Additionally, pursuant to a Registration Rights Agreement entered into in connection with the purchase agreement, the Company agreed to register the shares issuable upon conversion of the Debenture for resale by the holders of the Debenture. The Company has committed to file the registration statement by no later than 45 days after June 15, 2018 and to cause the registration statement to become effective by no later than 120 days after June 15, 2018 (or, in the event of a full review by the staff of the Securities and Exchange Commission, 150 days following June 15, 2018). The Registration Rights Agreement provides for liquidated damages upon the occurrence of certain events up to a maximum amount of 6% of the aggregate amount invested by such holder of the Debenture pursuant to the purchase agreement. Liquidated damages were waived as part of the roll-over of the Debenture into Series H Convertible Preferred Stock.

 

The Securities Purchase Agreement also included a provision that requires the Company to maintain its periodic filings with the SEC in order to satisfy the public information requirements under Rule 144(c) of the Securities Act.
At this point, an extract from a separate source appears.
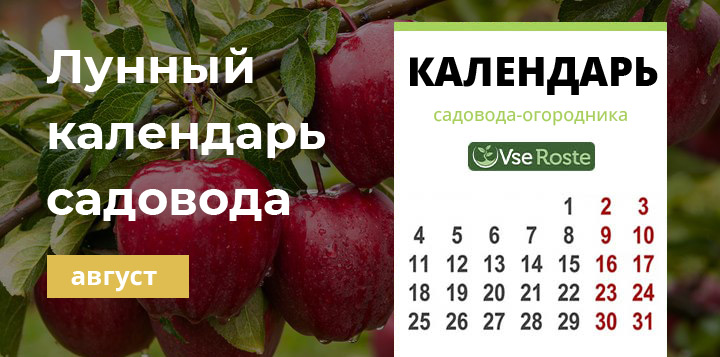 Лунный посевной календарь садовода-огородника на август 2024 года.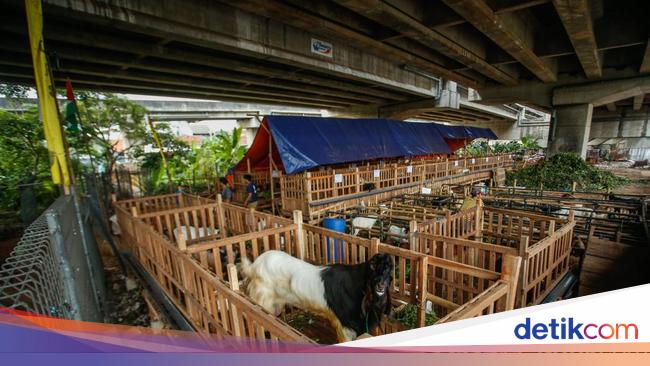 Jelang Idul Adha, Kolong Tol Becakayu Jadi Tempat Jualan Hewan Kurban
If the Company fails for any reason to satisfy the current public information requirement (a “Public Information Failure”), then the Company will be obligated to pay to each holder a cash payment equal to 1.0% of the amount invested as partial liquidated damages, up to a maximum of six months. Such payments are subject to interest at the rate of 1.0% per month until paid in full. The Debenture was rolled over into Series H Convertible Preferred Stock before the due date for the commencement of liquidated damages.

 

The Company accounts for the embedded conversion feature of the Debenture as a derivative liability, as the Company is required to adjust downward the conversion price of the Debenture under certain circumstances, which requires that the Company carry such amount in its consolidated balance sheet as a liability at fair value, as adjusted at each period-end.

 

During the three months and six months ended June 30, 2018, the Company recognized interest expense of $20,844 from the accrual of interest payable.

 

The 10% Senior Convertible Debenture consists of the following at June 30, 2018:

 

Principal amount of notes payable, including $1,025,000 to officers  $4,775,000 
Add accrued interest payable   20,844 
    4,795,844 
Less unamortized discount:     
Embedded conversion feature   452,410 
Total unamortized discount   452,410 
   $4,343,434 

 

During the three months and six months ended June 30, 2018, $18,592 was charged to interest expense from the amortization of debt discount.

 

See “Note 13. Subsequent Events” for information regarding the conversion of the 10% Senior Convertible Debenture into Series H Convertible Preferred Stock.